Rubrik : Renungan Akhir
 

Sisi Lain Mahasabha

JMG Satya Manikgeni

Sudah saya duga, suksesnya Mahasabha IX Parisada di Jakarta disambut dengan berbagai pertanyaan di ashram, begitu saya pulang. Pertanyaan itu umumnya berdasarkan opini yang beredar di Bali bahwa Mahasabha kali ini tidak berhasil menyatukan PHDI Bali, antara versi Besakih dan versi Campuhan.

“Kalau tak tahu masalahnya, ya, jangan terpancing. Cara mengobok-obok umat Hindu itu banyak dilakukan dengan berselimutkan membela Hindu. Mau mendengar penjelasan Guru apa tidak?” saya menoleh satu persatu ke arah kerumunan orang.

“Ya, tentu saja mau,” serempak orang-orang menjawab.

“Tapi ingat, apa yang Guru sampaikan ini dijadikan pegangan sebagai informasi dari tangan pertama. Nanti kalau terbukti Guru berbohong tanggung-jawab Guru amat besar. Nama Guru akan rusak, nama ashram akan rusak. Padahal baru saja di ashram ini ada perhelatan pemuda Hindu dari berbagai penjuru tanah air.”

Orang-orang lalu duduk, kalau tak salah ada sembilan orang, maklum pukul tujuh malam, dua jam lagi, mereka akan berlatih menabuh.

“Begini, niat Panitia semula memang menyatukan PHDI Bali yang dikatakan kembar itu. Namun, yang melakukan Mahasabha ini kan bukan panitia, tetapi utusan dari daerah-daerah. Bagi mereka itu, tak ada PHDI kembar di Bali. PHDI Bali dalam struktur PHDI Pusat adalah pimpinan I Made Artha. PHDI Bali pimpinan Ida Pedanda Gunung sudah menyatakan tidak mengakui PHDI Pusat, lalu PHDI Pusat juga tidak mengakui mereka.
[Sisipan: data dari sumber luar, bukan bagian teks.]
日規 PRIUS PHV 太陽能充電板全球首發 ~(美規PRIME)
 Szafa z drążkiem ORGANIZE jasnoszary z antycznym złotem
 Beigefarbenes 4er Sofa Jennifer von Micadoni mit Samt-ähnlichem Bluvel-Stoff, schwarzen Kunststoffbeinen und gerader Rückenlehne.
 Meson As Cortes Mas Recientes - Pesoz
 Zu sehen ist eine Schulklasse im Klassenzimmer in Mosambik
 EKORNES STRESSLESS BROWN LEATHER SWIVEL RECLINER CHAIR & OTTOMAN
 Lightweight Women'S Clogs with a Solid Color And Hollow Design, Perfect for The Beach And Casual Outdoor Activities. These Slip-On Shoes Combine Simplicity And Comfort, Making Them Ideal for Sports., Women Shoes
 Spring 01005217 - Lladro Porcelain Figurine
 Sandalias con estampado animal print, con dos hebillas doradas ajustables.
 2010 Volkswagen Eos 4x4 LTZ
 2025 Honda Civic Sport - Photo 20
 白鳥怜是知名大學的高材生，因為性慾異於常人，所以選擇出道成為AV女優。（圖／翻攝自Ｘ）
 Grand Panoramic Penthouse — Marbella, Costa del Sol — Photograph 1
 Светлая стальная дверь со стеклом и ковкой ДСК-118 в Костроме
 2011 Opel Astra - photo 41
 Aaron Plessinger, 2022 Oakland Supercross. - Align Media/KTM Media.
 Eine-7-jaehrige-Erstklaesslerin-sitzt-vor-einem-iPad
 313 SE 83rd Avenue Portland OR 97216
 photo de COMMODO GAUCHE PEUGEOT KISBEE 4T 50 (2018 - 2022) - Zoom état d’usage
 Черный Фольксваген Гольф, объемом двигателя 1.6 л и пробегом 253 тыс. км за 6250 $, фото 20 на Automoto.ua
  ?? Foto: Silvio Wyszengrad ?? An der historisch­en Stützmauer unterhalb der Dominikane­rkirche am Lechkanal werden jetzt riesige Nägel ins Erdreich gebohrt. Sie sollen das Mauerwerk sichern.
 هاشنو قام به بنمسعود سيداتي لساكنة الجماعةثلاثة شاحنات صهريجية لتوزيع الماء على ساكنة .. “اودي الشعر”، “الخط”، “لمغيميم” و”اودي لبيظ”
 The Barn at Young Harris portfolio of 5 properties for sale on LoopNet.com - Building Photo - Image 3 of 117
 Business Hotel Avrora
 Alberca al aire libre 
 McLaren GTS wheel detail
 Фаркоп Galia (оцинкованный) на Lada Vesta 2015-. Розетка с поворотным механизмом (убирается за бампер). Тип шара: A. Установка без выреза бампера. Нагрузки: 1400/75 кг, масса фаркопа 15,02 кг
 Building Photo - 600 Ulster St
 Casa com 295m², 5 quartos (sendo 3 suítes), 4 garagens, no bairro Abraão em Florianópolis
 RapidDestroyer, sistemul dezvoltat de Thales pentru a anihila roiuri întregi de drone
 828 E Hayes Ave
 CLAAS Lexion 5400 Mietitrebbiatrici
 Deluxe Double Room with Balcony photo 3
Lha, yang punya Mahasabha kan PHDI Pusat, masak yang tidak mengakuinya diundang. Tetapi karena kita menghormati Sulinggih sekaliber Ida Pedanda Gunung, maka beliau diundang secara pribadi, ingat pribadi, dengan status peninjau.

“Dengan status peninjau beliau berhak bicara. Apalagi ketika membahas AD/ART menyangkut Sabha Pandita, yang berbicara hanya para Sulinggih, karena Mahasabha ini forum tertinggi Sulinggih. Di situ lalu diputuskan, anggota Sabha Pandita hanya boleh dipilih dari dan oleh Sulinggih yang hadir sebagai peserta Mahasabha. Ya, begitu keputusan Sulinggih, ya, kita hormati.....”

“Tak ada yang protes, Guru?”

“Guru yang protes, tetapi melalui jalur Pandita yang guru kenal. Alasan Guru, ini tidak fair karena mungkin ada Sulinggih yang kualitasnya bagus tetapi tak ikut Mahasabha. Nanti, kalau kualitas Sulinggih yang hadir di Mahasabha mencerminkan keunggulan utama, baru diperlakukan itu. Tetapi para Sulinggih tetap memutuskan begitu, masak Guru yang masih walaka terus protes. Nah, akhirnya Ida Pedanda Gunung, tentu tidak bisa dipilih sebagai anggota Sabha Pandita.”

“Andaikata beliau bisa dipilih, kira-kira dipilih juga nggak Guru?”

“Guru tak bisa berandai-andai. Menurut Guru, juga tidak mungkin terpilih. Logikanya: beliau kan belum mencabut pengakuannya yang tidak mengakui PHDI Pusat. Coba saja kalian pikir, tidak mau ikut jadi Sekeha Gong Ashram, tetapi kepingin dipilih menjadi Ketua Sekehe Gong, itu pikiran dari mana?

“Nah, jika sekarang hal itu dijadikan alasan untuk tetap membuat PHDI Bali Campuhan, ya,  biarkan saja. Kalau saja Guru yang jadi pengurus PHDI Pusat, Guru akan menggugatnya ke Pengadilan, karena tidak boleh ada organisasi tandingan di Indonesia. Seperti PKB yang kembar kan harus diputuskan secara hukum. Akhirnya terpaksa Sulinggih digugat, apa boleh buat, karena jalan damai, santun, bersahabat tak digubris. Tetapi kalau mereka membuat  organisasi yang namanya tidak sama, misalnya saja, Parisada Perjuangan Bali, atau apalah, itu hak asasi setiap orang di Republik ini. Guru pun mendukung, makin banyak ada organisasi yang melayani umat, makin bagus kan? Nah, sekarang paham?”